Cuando llegamos al colegio primario del convento franciscano, tradicional lugar de sufragio, nos llamó la atención encontrarlo cerrado… ¡qué raro! Y seguimos hasta la Escuela Agro-técnica, donde recién comenzaban algunos movimientos desordenados en el intento de iniciar el proceso electoral.
Nos paramos en la vereda cuando se acerco alguien y me dijo: “¿se enteró? – puse cara de no saber nada y continuó – prendieron fuego el colegio de los curas y la casa de los Cazentini.
- Y ¿por qué?
- Por política.
Es difícil aceptar que en un pueblo en el que votan 230 personas, yendo uno contra uno, puedan ocurrir semejantes cosas.
Pero ya hubo antecedentes al respecto en otro tiempo, los que sufrí en carne propia.
¿Por qué pasan estas cosas?

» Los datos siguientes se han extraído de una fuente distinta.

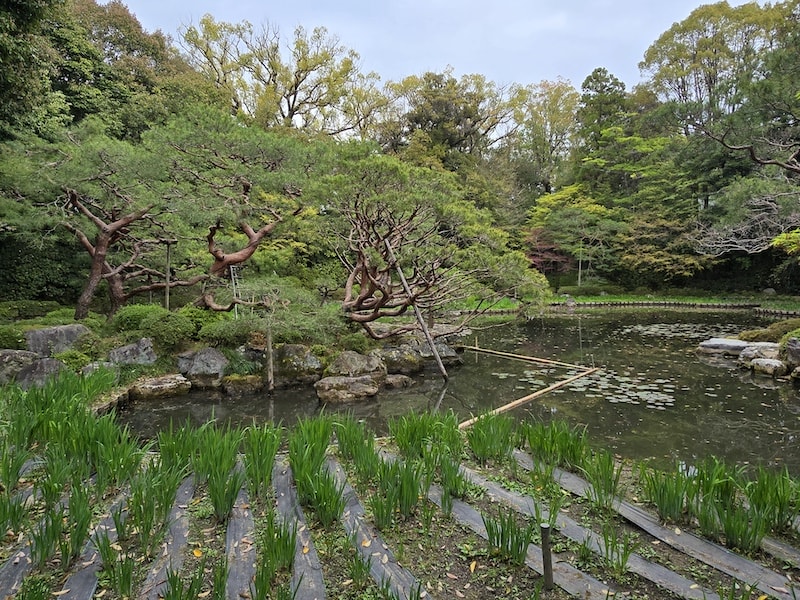 平安神宮賞櫻、宇治焙茶冰淇淋、環球影城GAP掃貨行程全紀錄 - 第19張圖 平安神宮賞櫻、宇治焙茶冰淇淋、環球影城GAP掃貨行程全紀錄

Porque nunca pasa nada.
Lo raro de esto – si es político - es que hayan tomado como símbolo el colegio de los curas.
Descartado el accidente y comprobado por los peritos el atentado, no queda otra cosa que descubrir quién fue, por qué lo hizo y que reciba el castigo que la ley tenga preparado para ello, probablemente una palmadita en la cola y a casa.
Sin embargo podemos estar ante una asociación ilícita organizada de manera terrorista para amedrentar a los ciudadanos, crear temor y a partir de ello imponerse. ¿Y por qué no?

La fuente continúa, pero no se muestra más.